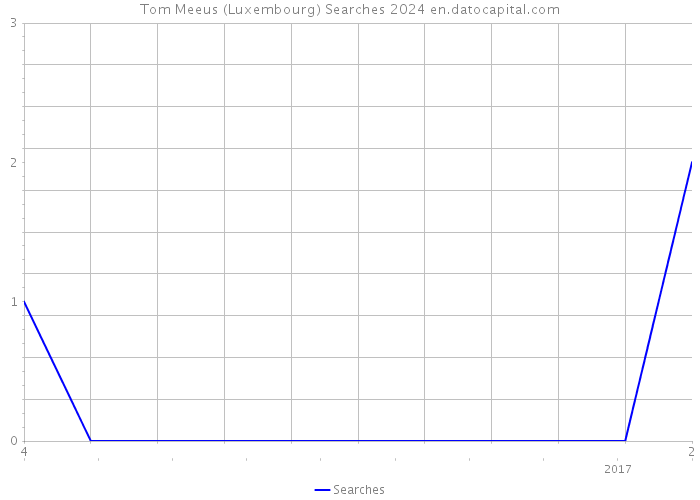 Tom Meeus (Luxembourg) Searches 2024 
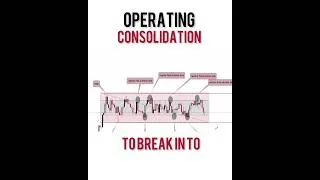 Thumbnail: Trading Consolidations #forex #smartmoneytrading #binaryoptions
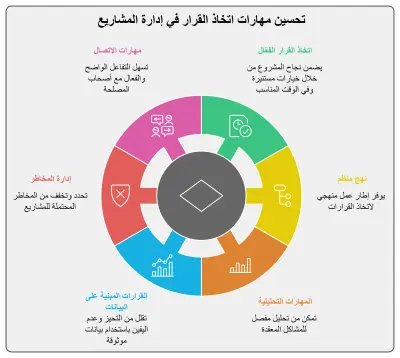 تحليل بيانات تنظيف الى dashboard اكسل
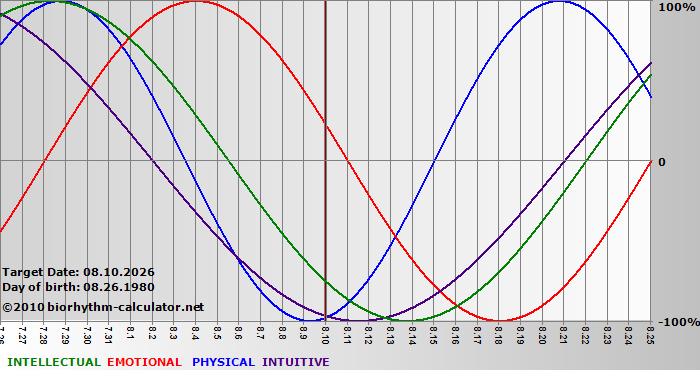 www.biorhythm-calculator.net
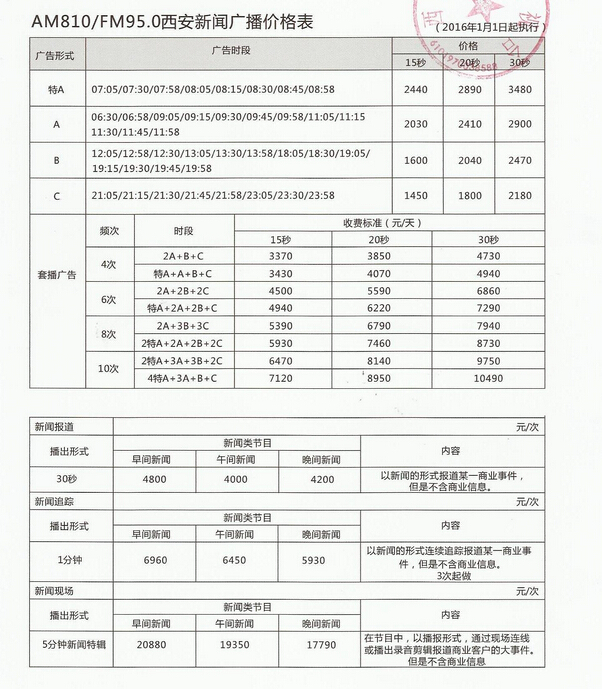 西安人民广播电台新闻广播（FM95.0，AM810）2016年广告价格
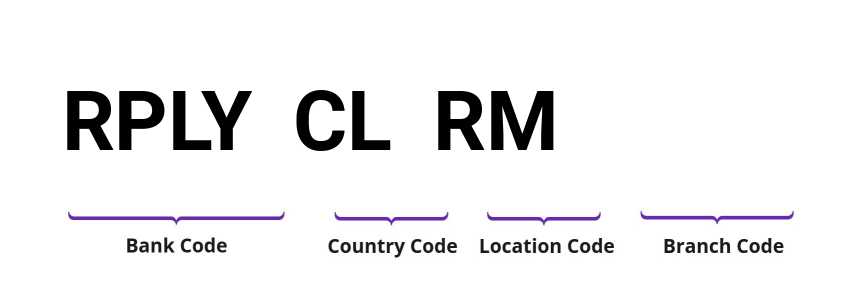 SWIFT / BIC RPLYCLRM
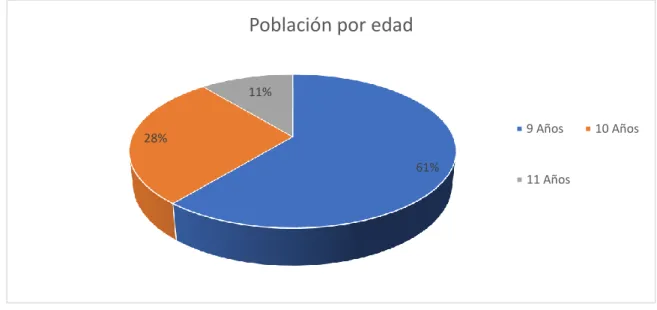 Ilustración 2 Población por edad 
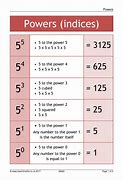 Image result for X to the Power of 2 Equals 5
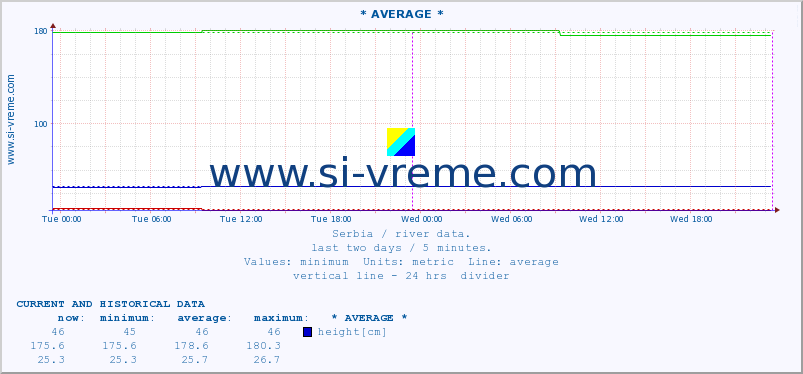  :: * AVERAGE * :: height |  |  :: last two days / 5 minutes.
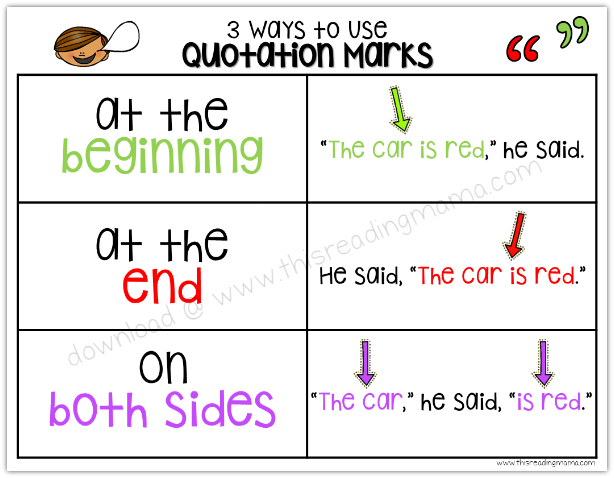 3 Ways to Use Quotation Marks Chart for Kids - free to download at This Reading Mama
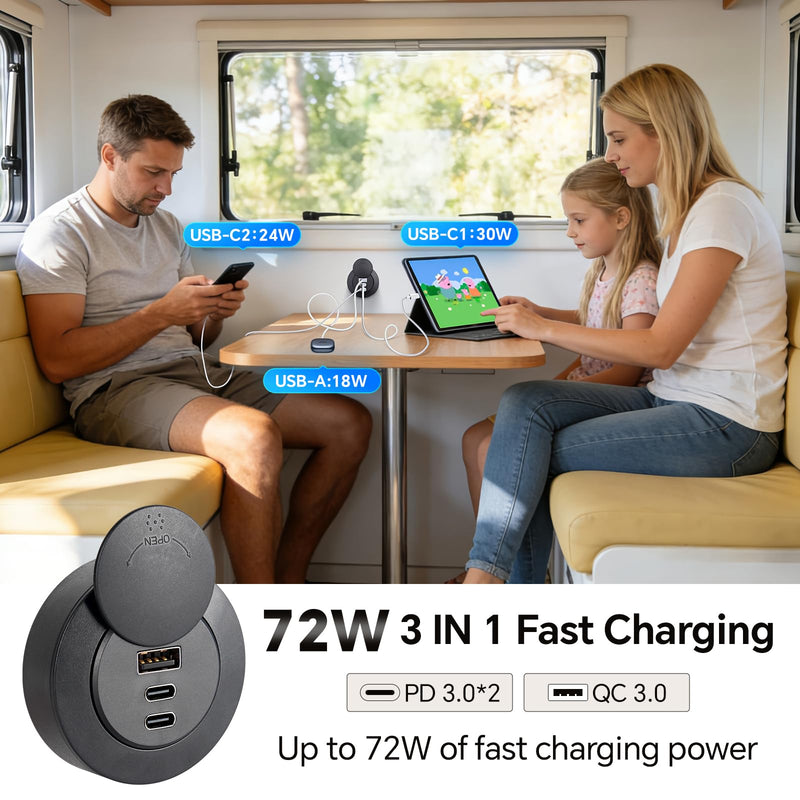 acegoo 72W 3-Port RV USB Outlet, Surface Mount 12V USB Fast Charger Socket | PD3.0+QC3.0, Multi Protection, No-Backlight Design, 360° Rotating Dust Cap, Fits RV Camper Trailer Truck Car Boat, 2Pcs 2 Pcs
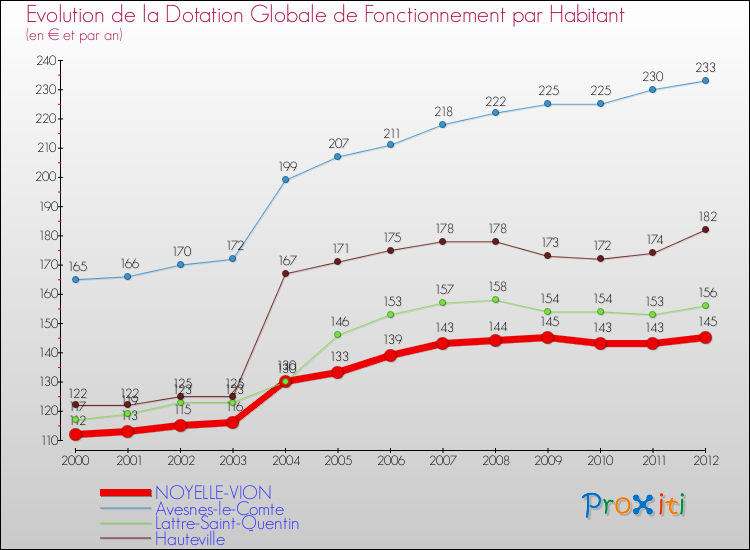 Evolution et montant de la dotation globale de fonctionnement par Habitant pour NOYELLE-VION et les communes proches Comparaison des dotations globales de fonctionnement par habitant pour NOYELLE-VION et les communes voisines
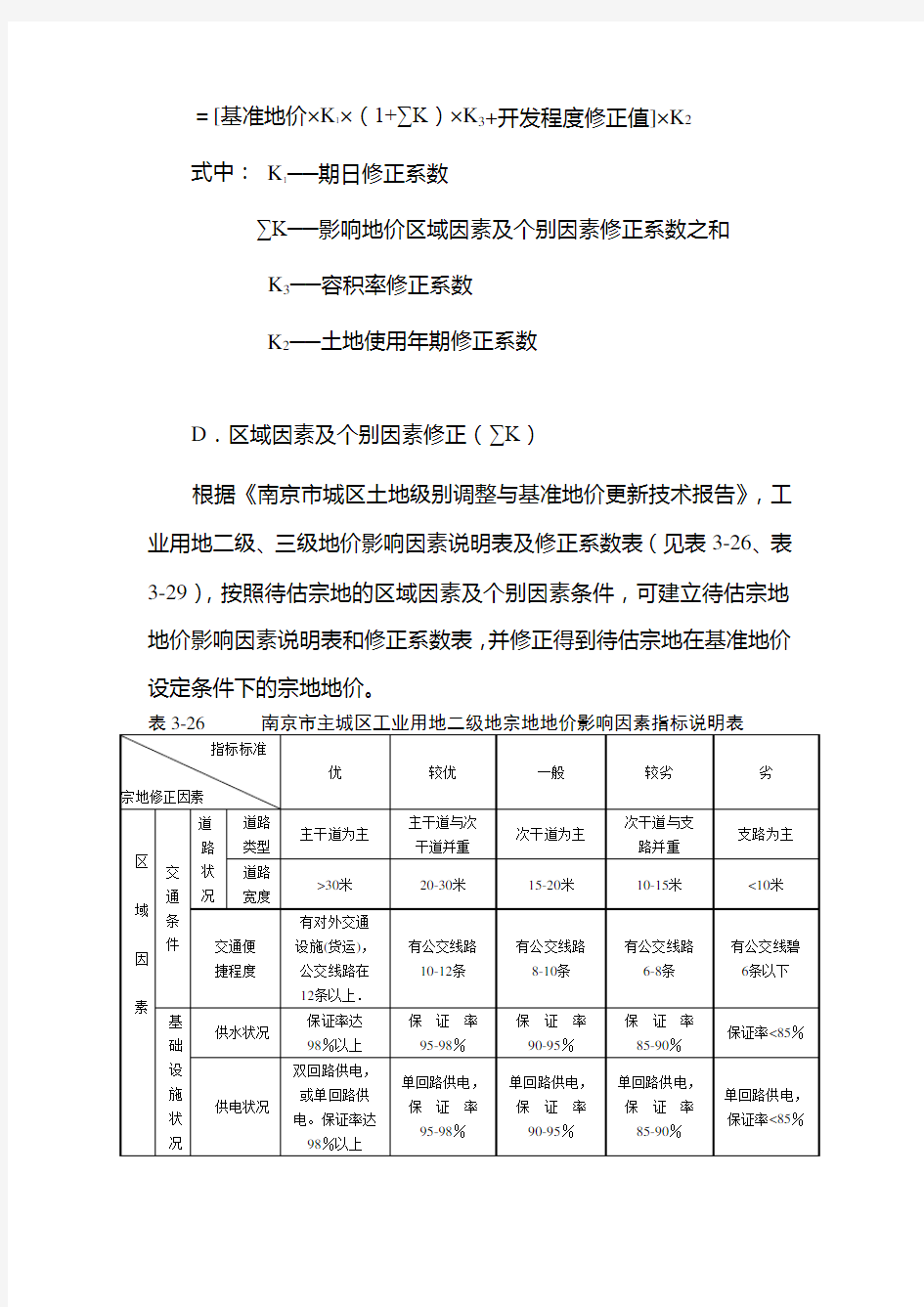 南京市市区土地地价修正系数表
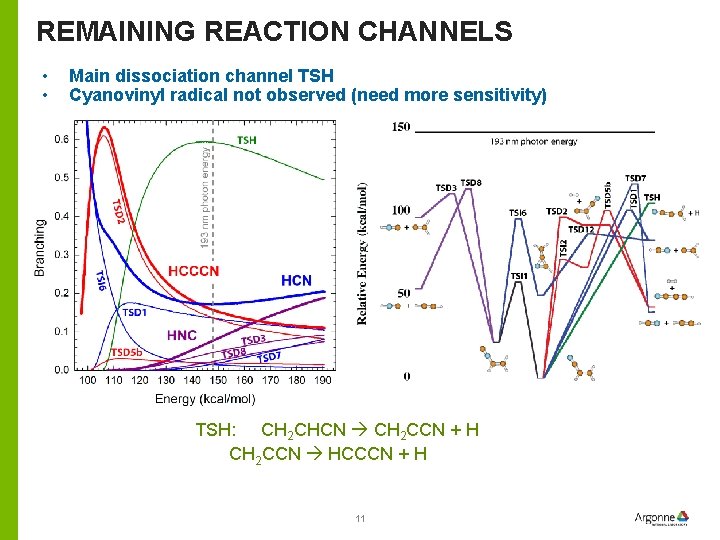 REMAINING REACTION CHANNELS • • Main dissociation channel TSH Cyanovinyl radical not observed (need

PROMPT
When you write out the material above, keep every line exact and drop each picture.

TASK RESPONSE
 Tom Meeus (Luxembourg) Searches 2024 
 Thumbnail: Trading Consolidations #forex #smartmoneytrading #binaryoptions
 تحليل بيانات تنظيف الى dashboard اكسل
 www.biorhythm-calculator.net
 西安人民广播电台新闻广播（FM95.0，AM810）2016年广告价格
 SWIFT / BIC RPLYCLRM
 Ilustración 2 Población por edad 
 Image result for X to the Power of 2 Equals 5
  :: * AVERAGE * :: height |  |  :: last two days / 5 minutes.
 3 Ways to Use Quotation Marks Chart for Kids - free to download at This Reading Mama
 acegoo 72W 3-Port RV USB Outlet, Surface Mount 12V USB Fast Charger Socket | PD3.0+QC3.0, Multi Protection, No-Backlight Design, 360° Rotating Dust Cap, Fits RV Camper Trailer Truck Car Boat, 2Pcs 2 Pcs
 Evolution et montant de la dotation globale de fonctionnement par Habitant pour NOYELLE-VION et les communes proches Comparaison des dotations globales de fonctionnement par habitant pour NOYELLE-VION et les communes voisines
 南京市市区土地地价修正系数表
 REMAINING REACTION CHANNELS • • Main dissociation channel TSH Cyanovinyl radical not observed (need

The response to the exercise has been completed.